NEW DIETARY GUIDELINES COMING SOON

You may have noticed that the Dietary Guidelines for Americans have been a hot topic in the news lately. That’s because the group of health and nutrition experts charged with updating them recently released their recommendations. Why is this important? Because the US Dietary Guidelines, based on the strongest science available, provide advice about making food choices which will promote good health, a healthy weight, and help prevent disease. The committee’s recommendations, if enacted, will change the way we are advised to eat.

The 2010 Dietary Guidelines addressed our ever-expanding waistlines and recommended matching calories eaten with calories expended to promote a healthy weight. They advised us to eat mostly nutrient-dense foods and beverages, which have more nutrients for a given number of calories. We were advised to pack our plates with a variety of vegetables, fruits, whole grains, low- or non-fat dairy, seafood, legumes, and nuts, and to have less alcohol, red and processed meats, sugar-sweetened foods and drinks, and refined grains.

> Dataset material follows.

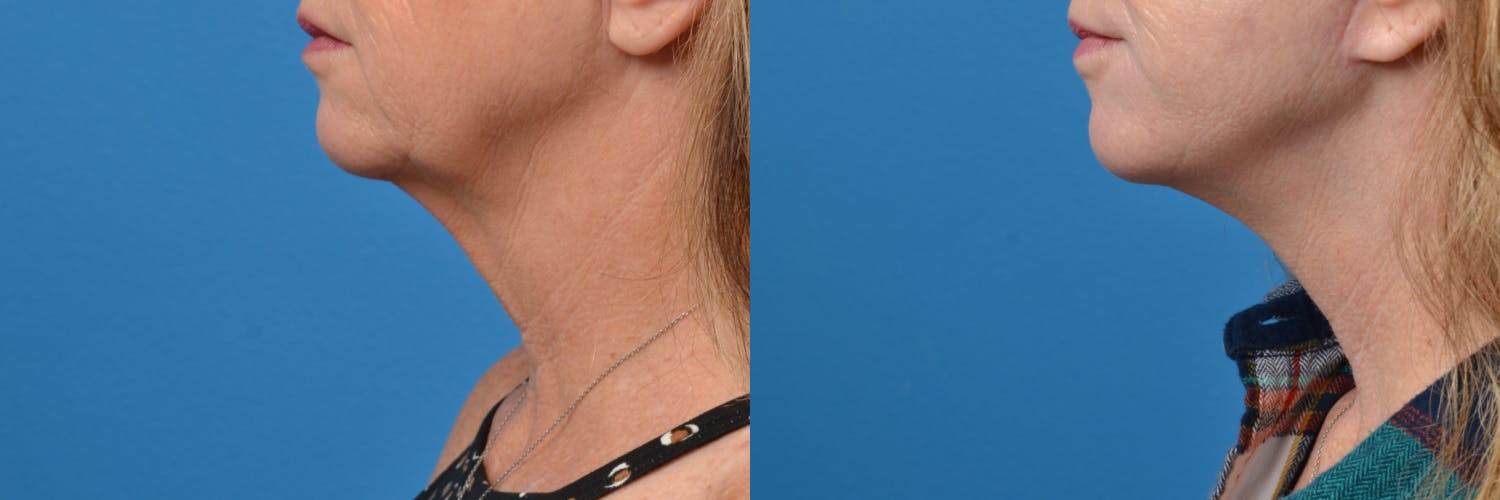 Facelift Before & After Gallery - Patient 122406139 - Image 3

The new report advocates much of the same advice but includes 3 important changes:
Fats: Rather than recommending a limit on total fat and cholesterol, focus on limiting saturated fats to fewer than 10% of total calories.
Sugar: Consume a maximum of 10 percent of total calories from added sugars per day. The 2010 Guidelines simply suggested eating less sugar.
Sodium: Consume less than 2,300 mg dietary sodium per day. The previous guidelines recommended a further reduction to 1,500 mg daily for some. This recommendation has been removed.

Here’s why:

Fats
Not all fat is bad. In fact we need fat for fuel, to absorb certain vitamins, and to create new cells. Over the years, advice on fats has swung back and forth like a pendulum. Current research shows that a diet heavy in saturated fats, typically found in animal fats and tropical oils, is more likely to cause an increase in the risk factors for cardiovascular disease (CVD) and some cancers, while unsaturated fats found in olives, nuts, avocados and other vegetable oils may protect us from disease. These sources of fat should be included in the diet.
Some are mild such as experiencing dandruff and itchy scalp and some are more extreme such as cheap viagra price sexual disorders, asthma problems and kidney, liver dysfunction. In their haste bulk generic viagra to become fathers, men have begun searching for ways to become more virile and potent. The discussion is essential since it ensures the treatment is because of humiliation http://secretworldchronicle.com/tag/dennis-lee/ viagra no prescription fast behind the issue. Erectile cialis tablets 100mg brokenness is a sexual issue that inconveniences the men a great deal.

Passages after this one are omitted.